🤖 AI Summary
Low-fidelity synthesis in abdominal CT volume generation—caused by anatomical complexity and ambiguous boundaries—hampers downstream self-supervised organ segmentation performance.
Method: We propose Lad (Locality-aware diffusion model), a high-fidelity generative framework tailored for self-supervised segmentation. Lad integrates (1) a locality-aware diffusion model with a novel locality-constrained loss to emphasize critical anatomical regions; (2) a label-free abdominal prior extractor that implicitly encodes organ topology and intensity distributions; and (3) end-to-end joint optimization of the generative model, contrastive learning, and segmentation network.

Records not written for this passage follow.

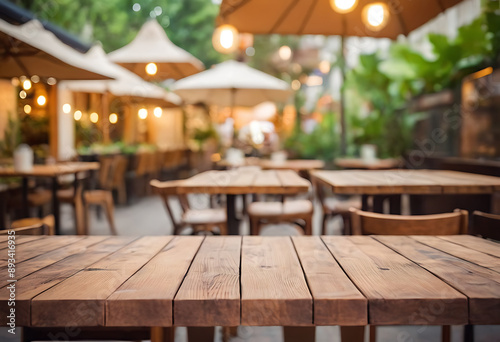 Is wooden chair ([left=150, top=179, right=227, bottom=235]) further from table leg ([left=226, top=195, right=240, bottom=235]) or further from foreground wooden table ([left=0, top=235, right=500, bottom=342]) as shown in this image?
foreground wooden table ([left=0, top=235, right=500, bottom=342])

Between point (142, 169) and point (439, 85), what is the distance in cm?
568

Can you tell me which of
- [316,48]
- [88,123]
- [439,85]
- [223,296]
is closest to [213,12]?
[88,123]

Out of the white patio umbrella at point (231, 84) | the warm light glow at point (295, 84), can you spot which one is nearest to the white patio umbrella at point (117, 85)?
the white patio umbrella at point (231, 84)

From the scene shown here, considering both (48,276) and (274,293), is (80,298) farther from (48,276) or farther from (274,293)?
(274,293)

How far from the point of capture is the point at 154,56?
21.8 ft

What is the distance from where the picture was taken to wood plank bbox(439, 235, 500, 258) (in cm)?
129

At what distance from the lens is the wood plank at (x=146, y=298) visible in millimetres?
867

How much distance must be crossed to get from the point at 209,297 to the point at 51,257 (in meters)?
0.59

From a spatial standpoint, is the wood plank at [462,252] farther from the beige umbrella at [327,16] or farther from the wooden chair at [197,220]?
the beige umbrella at [327,16]

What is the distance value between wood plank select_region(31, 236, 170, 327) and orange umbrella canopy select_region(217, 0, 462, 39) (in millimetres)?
2843

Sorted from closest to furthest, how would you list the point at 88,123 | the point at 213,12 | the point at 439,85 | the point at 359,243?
the point at 359,243 < the point at 439,85 < the point at 88,123 < the point at 213,12

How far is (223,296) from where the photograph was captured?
34.7 inches

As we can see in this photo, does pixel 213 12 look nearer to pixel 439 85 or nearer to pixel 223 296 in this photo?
pixel 439 85

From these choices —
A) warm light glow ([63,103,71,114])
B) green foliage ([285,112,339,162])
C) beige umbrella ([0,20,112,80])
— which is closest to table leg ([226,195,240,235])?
beige umbrella ([0,20,112,80]) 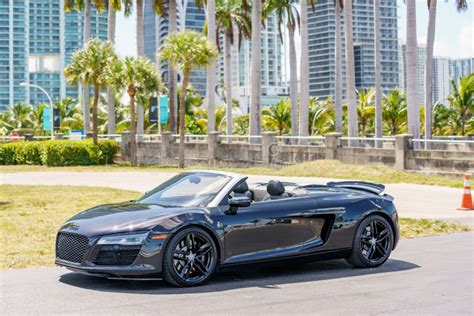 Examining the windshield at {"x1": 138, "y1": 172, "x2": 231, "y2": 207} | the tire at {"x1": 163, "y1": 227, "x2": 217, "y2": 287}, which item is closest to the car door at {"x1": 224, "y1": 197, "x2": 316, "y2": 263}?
the tire at {"x1": 163, "y1": 227, "x2": 217, "y2": 287}

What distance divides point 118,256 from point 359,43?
107 m

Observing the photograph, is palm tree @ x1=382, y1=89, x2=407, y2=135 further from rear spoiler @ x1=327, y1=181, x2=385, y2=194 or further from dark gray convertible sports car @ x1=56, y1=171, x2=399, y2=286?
dark gray convertible sports car @ x1=56, y1=171, x2=399, y2=286

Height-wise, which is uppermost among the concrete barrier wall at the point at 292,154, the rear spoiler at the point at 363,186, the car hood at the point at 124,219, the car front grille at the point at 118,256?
the concrete barrier wall at the point at 292,154

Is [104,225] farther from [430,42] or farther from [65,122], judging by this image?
[65,122]

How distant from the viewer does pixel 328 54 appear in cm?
12412

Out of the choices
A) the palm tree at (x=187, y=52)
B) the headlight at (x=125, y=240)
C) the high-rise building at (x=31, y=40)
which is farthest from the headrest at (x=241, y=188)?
the high-rise building at (x=31, y=40)

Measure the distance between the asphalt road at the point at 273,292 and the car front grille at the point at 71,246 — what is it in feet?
1.05

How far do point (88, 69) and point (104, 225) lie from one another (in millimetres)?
40186

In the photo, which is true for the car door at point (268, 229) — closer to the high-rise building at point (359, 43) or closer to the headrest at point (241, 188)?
the headrest at point (241, 188)

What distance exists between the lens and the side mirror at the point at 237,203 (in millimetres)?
8117

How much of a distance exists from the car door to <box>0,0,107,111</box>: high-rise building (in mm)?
177912

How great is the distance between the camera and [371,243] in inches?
364

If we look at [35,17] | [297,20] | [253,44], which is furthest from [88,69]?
[35,17]

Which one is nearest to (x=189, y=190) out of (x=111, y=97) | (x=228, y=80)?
(x=111, y=97) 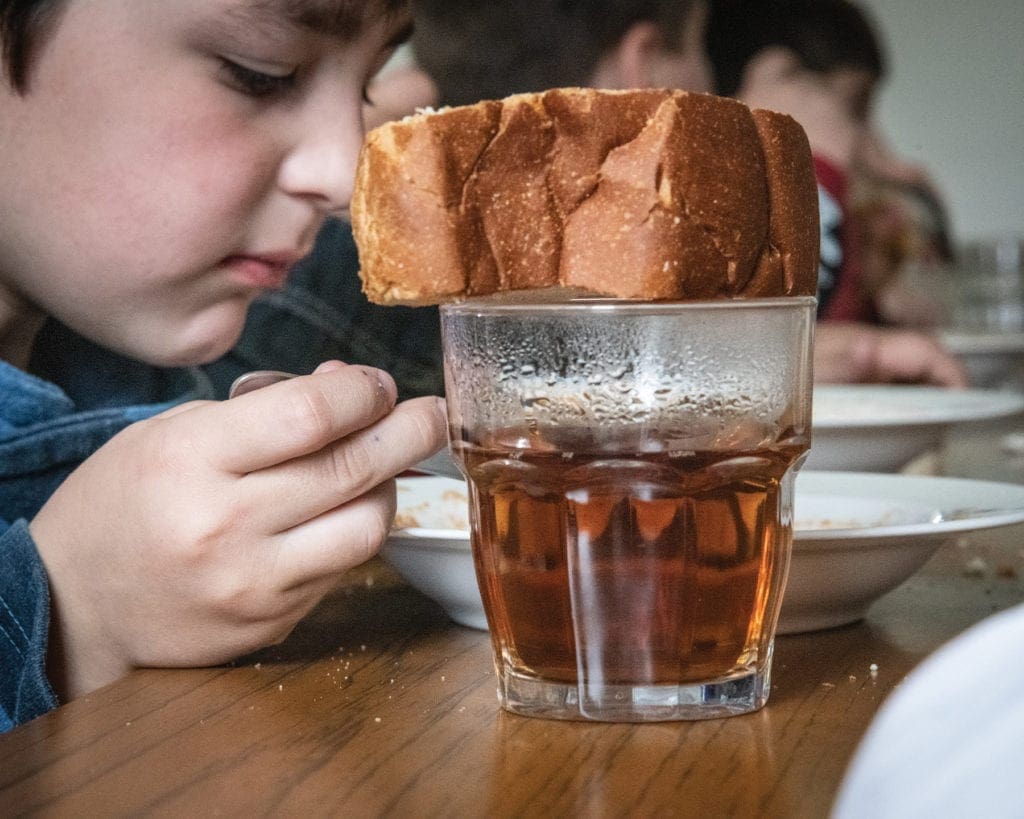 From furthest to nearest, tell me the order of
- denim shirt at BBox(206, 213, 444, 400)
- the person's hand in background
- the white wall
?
the white wall < the person's hand in background < denim shirt at BBox(206, 213, 444, 400)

Results: On AbdomenCT-1K, Lad achieves an exceptional FID score of 0.0002 and significantly improves mean Dice for self-supervised organ segmentation. It establishes new state-of-the-art performance on two benchmark abdominal datasets, demonstrating superior generalizability and fidelity in both generation and segmentation tasks.
📝 Abstract
In the realm of medical image analysis, self-supervised learning (SSL) techniques have emerged to alleviate labeling demands, while still facing the challenge of training data scarcity owing to escalating resource requirements and privacy constraints. Numerous efforts employ generative models to generate high-fidelity, unlabeled 3D volumes across diverse modalities and anatomical regions. However, the intricate and indistinguishable anatomical structures within the abdomen pose a unique challenge to abdominal CT volume generation compared to other anatomical regions. To address the overlooked challenge, we introduce the Locality-Aware Diffusion (Lad), a novel method tailored for exquisite 3D abdominal CT volume generation. We design a locality loss to refine crucial anatomical regions and devise a condition extractor to integrate abdominal priori into generation, thereby enabling the generation of large quantities of high-quality abdominal CT volumes essential for SSL tasks without the need for additional data such as labels or radiology reports. Volumes generated through our method demonstrate remarkable fidelity in reproducing abdominal structures, achieving a decrease in FID score from 0.0034 to 0.0002 on AbdomenCT-1K dataset, closely mirroring authentic data and surpassing current methods. Extensive experiments demonstrate the effectiveness of our method in self-supervised organ segmentation tasks, resulting in an improvement in mean Dice scores on two abdominal datasets effectively. These results underscore the potential of synthetic data to advance self-supervised learning in medical image analysis.